Sin embargo, el músico fue más allá y devolvió el golpe al Estado cubano con una dureza pocas veces vista en figuras públicas que residen en la isla. Calificó de hipócrita el discurso de «igualdad» del gobierno, recordándoles que la verdadera discriminación sistémica la ejercen ellos: «Nos negaban la entrada a hoteles por ser cubanos… y hoy, 1 de enero de 2026, la realidad nos niega el acceso a lo necesario para sobrevivir porque se vende en una moneda que no ganamos».
La memoria selectiva y el caso Luis Manuel Otero Alcántara
A pesar de la valentía de X Alfonso al mencionar a la «Guarachera de Cuba» —históricamente borrada por el castrismo— y al denunciar el apartheid económico, desde Reporte Cuba Ya es nuestro deber periodístico señalar las grietas éticas de esta defensa. X Alfonso afirma que son «una espina en el zapato del Ministerio de Cultura desde julio de 2018». Esta afirmación ignora convenientemente los años previos de convivencia pacífica con la censura, específicamente lo ocurrido en 2015.

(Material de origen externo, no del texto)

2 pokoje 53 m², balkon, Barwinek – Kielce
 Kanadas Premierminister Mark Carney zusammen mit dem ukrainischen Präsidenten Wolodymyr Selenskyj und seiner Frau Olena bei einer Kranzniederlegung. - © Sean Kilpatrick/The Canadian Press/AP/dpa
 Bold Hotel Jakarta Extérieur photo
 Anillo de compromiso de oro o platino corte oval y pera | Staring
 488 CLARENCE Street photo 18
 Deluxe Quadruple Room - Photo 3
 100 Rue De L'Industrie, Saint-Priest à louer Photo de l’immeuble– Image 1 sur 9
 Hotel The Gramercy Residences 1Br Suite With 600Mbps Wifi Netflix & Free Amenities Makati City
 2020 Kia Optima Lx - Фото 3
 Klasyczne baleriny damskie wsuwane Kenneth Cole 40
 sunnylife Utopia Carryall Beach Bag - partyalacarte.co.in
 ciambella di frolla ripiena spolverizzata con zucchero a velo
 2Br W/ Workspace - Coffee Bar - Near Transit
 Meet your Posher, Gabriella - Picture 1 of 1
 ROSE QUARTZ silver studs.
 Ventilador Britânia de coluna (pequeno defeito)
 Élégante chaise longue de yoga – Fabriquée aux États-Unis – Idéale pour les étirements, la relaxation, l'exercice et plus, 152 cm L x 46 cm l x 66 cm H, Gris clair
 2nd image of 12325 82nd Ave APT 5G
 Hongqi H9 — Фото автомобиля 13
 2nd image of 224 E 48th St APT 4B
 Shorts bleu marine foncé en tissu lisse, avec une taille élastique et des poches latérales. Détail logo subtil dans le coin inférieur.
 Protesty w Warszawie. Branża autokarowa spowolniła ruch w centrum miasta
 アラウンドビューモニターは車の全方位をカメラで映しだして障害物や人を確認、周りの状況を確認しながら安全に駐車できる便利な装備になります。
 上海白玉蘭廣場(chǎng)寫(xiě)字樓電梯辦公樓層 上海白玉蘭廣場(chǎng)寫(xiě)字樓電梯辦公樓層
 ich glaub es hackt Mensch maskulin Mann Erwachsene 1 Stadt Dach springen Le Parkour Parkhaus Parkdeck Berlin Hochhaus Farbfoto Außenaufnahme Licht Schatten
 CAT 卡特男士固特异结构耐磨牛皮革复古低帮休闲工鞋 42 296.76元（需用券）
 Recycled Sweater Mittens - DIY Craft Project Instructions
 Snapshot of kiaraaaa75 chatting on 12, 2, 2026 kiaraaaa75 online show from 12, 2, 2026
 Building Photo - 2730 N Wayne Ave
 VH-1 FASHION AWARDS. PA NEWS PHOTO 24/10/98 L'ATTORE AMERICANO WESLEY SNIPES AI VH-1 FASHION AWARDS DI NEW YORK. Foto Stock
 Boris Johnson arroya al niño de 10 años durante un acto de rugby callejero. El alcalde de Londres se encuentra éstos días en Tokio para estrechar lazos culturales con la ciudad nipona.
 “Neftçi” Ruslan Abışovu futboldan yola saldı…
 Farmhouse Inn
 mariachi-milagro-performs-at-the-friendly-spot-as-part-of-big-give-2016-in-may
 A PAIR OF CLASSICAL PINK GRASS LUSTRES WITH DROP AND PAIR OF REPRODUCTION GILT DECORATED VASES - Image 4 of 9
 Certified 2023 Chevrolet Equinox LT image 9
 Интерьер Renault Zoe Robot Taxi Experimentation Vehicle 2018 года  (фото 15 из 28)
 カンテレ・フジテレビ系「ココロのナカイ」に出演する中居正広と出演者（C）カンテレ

Resulta irónico que X Alfonso critique hoy el uso malintencionado del «derecho de admisión» cuando se aplica por error a un joven llamado Kevin, pero no haya tenido esa misma contundencia cuando se aplicó deliberadamente y por motivos políticos contra el artista Luis Manuel Otero Alcántara. En aquel entonces, la FAC cerró sus puertas a Otero Alcántara, alineándose con las directrices de exclusión del mismo Ministerio de Cultura que hoy los ataca.
La situación actual demuestra una verdad dolorosa: en Cuba, nadie está a salvo del totalitarismo. El régimen que hoy prohibe homenajear a una mujer negra y exitosa como Celia Cruz, es el mismo que encarceló a un artista negro y disidente como Luis Manuel Otero. La diferencia radica en que, cuando fueron a por Luis Manuel, la élite cultural guardó silencio. Ahora que el monstruo devora a sus propios «espacios de libertad», la indignación parece llegar con años de retraso.
Un proyecto bajo asedio
La FAC ha dejado claro que su sostenibilidad es 100% privada y que el ataque busca el cierre de un espacio que genera 300 empleos y realiza labor comunitaria real, a diferencia de las instituciones estatales. La defensa de la autonomía de la FAC es necesaria ante el abuso de poder del Estado, pero esa defensa debe ir acompañada de una autocrítica honesta. No se puede reclamar libertad para homenajear a Celia Cruz mientras se olvida que se colaboró en el ostracismo de otros artistas cubanos.